**Task directions:** Please, without any pictures, set down exactly the part of the listing below that opens with the line containing "Breast Cancer Survivor" and closes with the line containing "HOMCOM - Bureau".

**Stored data:**

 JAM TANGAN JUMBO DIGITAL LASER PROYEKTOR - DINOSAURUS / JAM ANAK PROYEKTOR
--
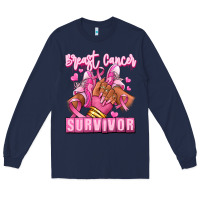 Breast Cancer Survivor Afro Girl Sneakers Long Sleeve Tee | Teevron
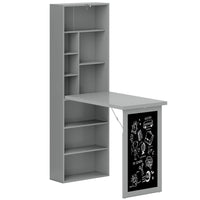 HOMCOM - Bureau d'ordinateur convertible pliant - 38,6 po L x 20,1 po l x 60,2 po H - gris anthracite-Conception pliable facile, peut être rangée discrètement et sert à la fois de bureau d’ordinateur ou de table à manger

**Task result:**
 Breast Cancer Survivor Afro Girl Sneakers Long Sleeve Tee | Teevron
 HOMCOM - Bureau d'ordinateur convertible pliant - 38,6 po L x 20,1 po l x 60,2 po H - gris anthracite-Conception pliable facile, peut être rangée discrètement et sert à la fois de bureau d’ordinateur ou de table à manger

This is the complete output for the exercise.